Çokuluslu Ülkelerin uluslararası ekonomideki rolü, gelişmiş ve gelişmekte olan ülkeler arasındaki açığı sürdürme ve arttırma kaynağı olduğu için zarar vermektedir. Bunlar her zaman fakir ülkeler üzerindeki zenginlerin neo-sömürgeciliği enstrümanları olarak hareket etti. Gelişmekte olan ülkeler ÇUŞ'lerin tehditlerine son vermek istiyor.

7. Uluslararası İhracatta gelişmekte olan ülkeler için daha büyük ve kesin bir pay:

NIEO'nun bir diğer önemli teması, zengin ülkelerdeki ihracat pazarlarına gelişmiş erişimin güvence altına alınmasıdır.
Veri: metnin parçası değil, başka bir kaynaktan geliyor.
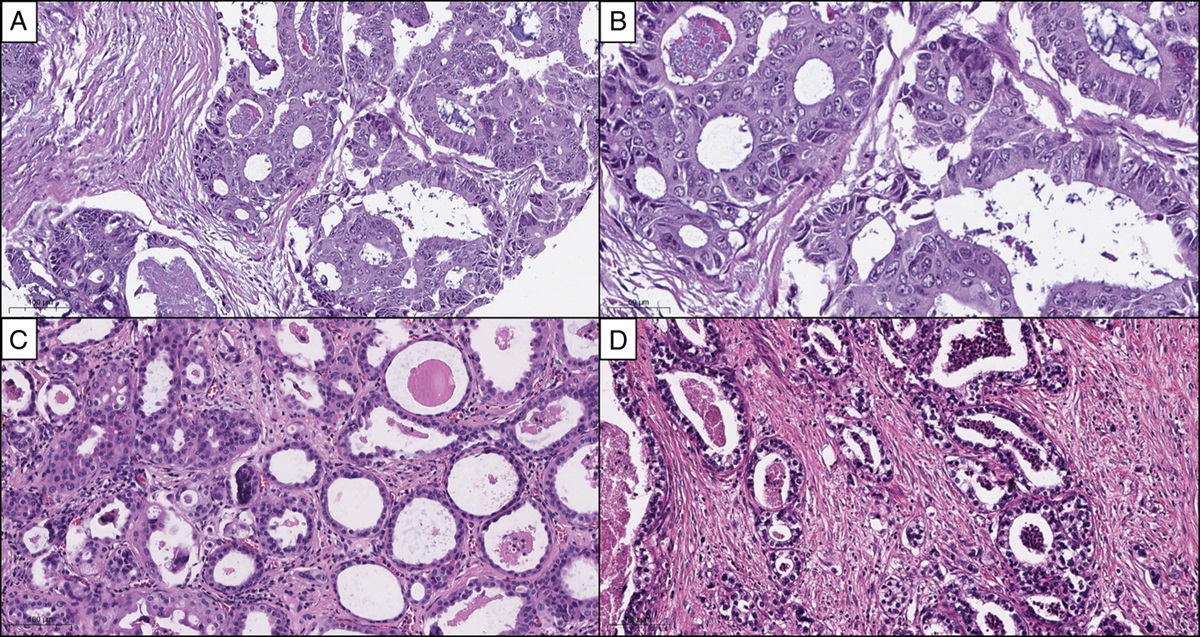 Glandular Lesions of the Urinary Bladder: Diagnostic and Molecular Updates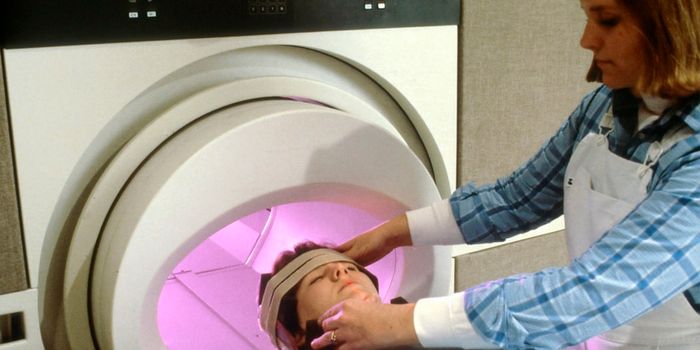 AI Framework Identifies Early Signs of Alzheimer's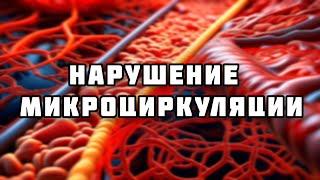 Нарушение микроциркуляции // Патофизиология (2 тема)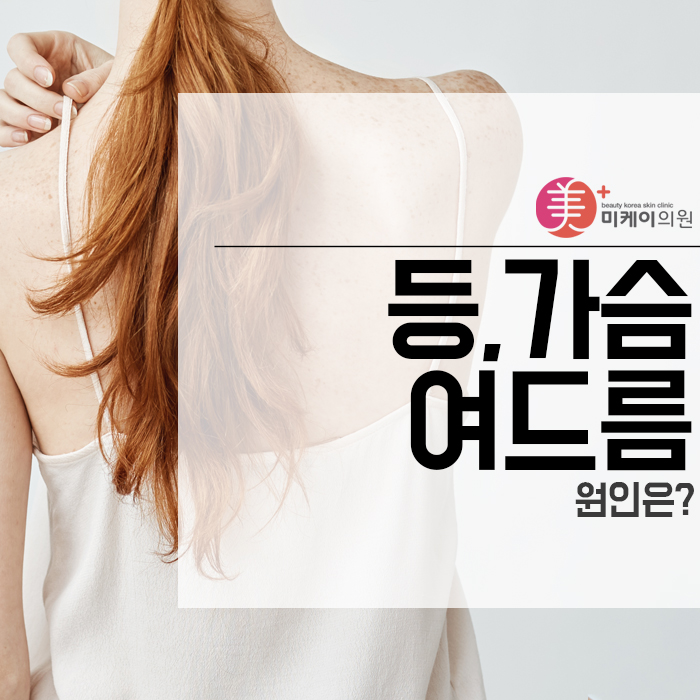등,가슴 여드름 원인은? 관련 이미지 1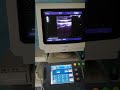 Aloka alpha 10 complete demo, gynae/obs echocardiography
Mevcut sistem, adaletsizlerin fakirlere karşı gereğinden fazla lehinedir. Gelişmiş ülkeler ile gelişmekte olan ülkeler arasındaki büyük ekonomik ve endüstriyel farkın varlığında, GATT ve UNCTAD ve hatta DTÖ, uluslararası ekonomik ve ticaret sisteminde istenen etkiyi ve değişikliği üretmede başarısız olmuşlardır.
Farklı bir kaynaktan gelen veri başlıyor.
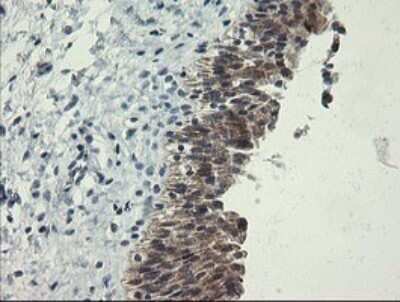 Immunohistochemistry: RPC62 Antibody (OTI2H1) - Azide and BSA Free [NBP2-73942]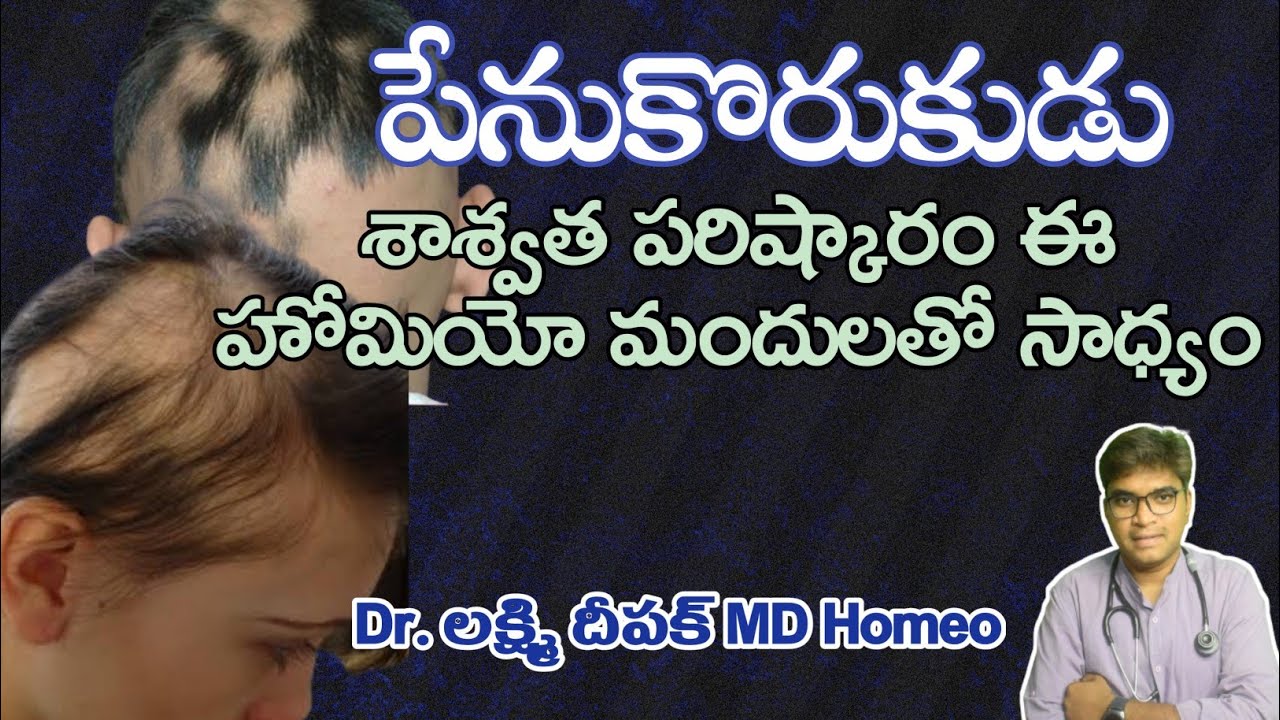 How To Cure Patchy Hair Loss Alopecia Areata Natural Treatment Dr Lakshmi Deepak MD Homeo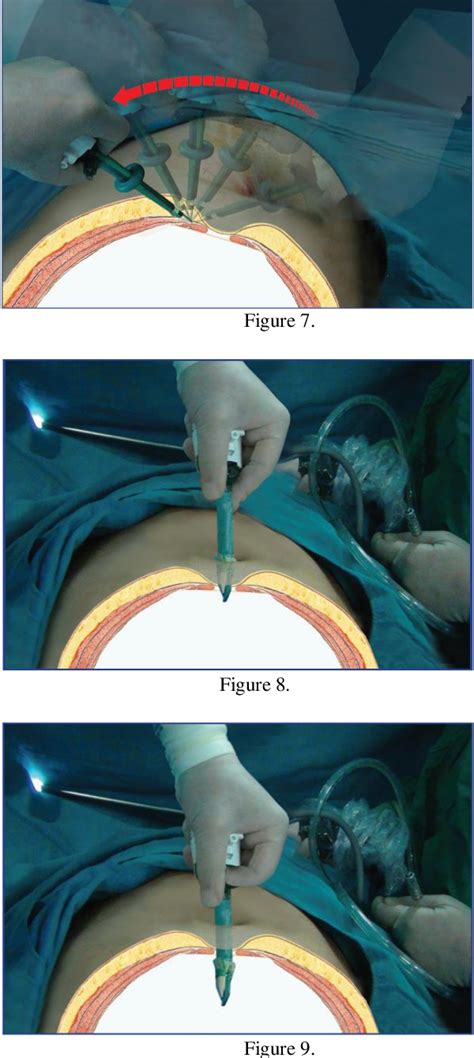 Pdf The Safety And Complications Of Z Entry Technique Of Trocar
Gelişmiş ve gelişmekte olan ülkeler arasındaki düzensiz ve açık rekabet, geliştirilmekte olan sektörün dezavantajını her zaman tercih ettiği için uluslararası ticaret ilişkilerinin son derece zarar verici bir yönü olduğunu kanıtlamıştır. Küreselleşme, gelişmekte olan ülkelerin ekonomileri ve eylemleri üzerinde bir baskı kaynağı olmuştur. Üçüncü Dünya ülkeleri artık tüm uluslararası ihracat ve tarife tercihlerinde yeni bir ekonomik düzenin parçası olarak lehlerinde kesin ve sabit bir pay talep ediyor.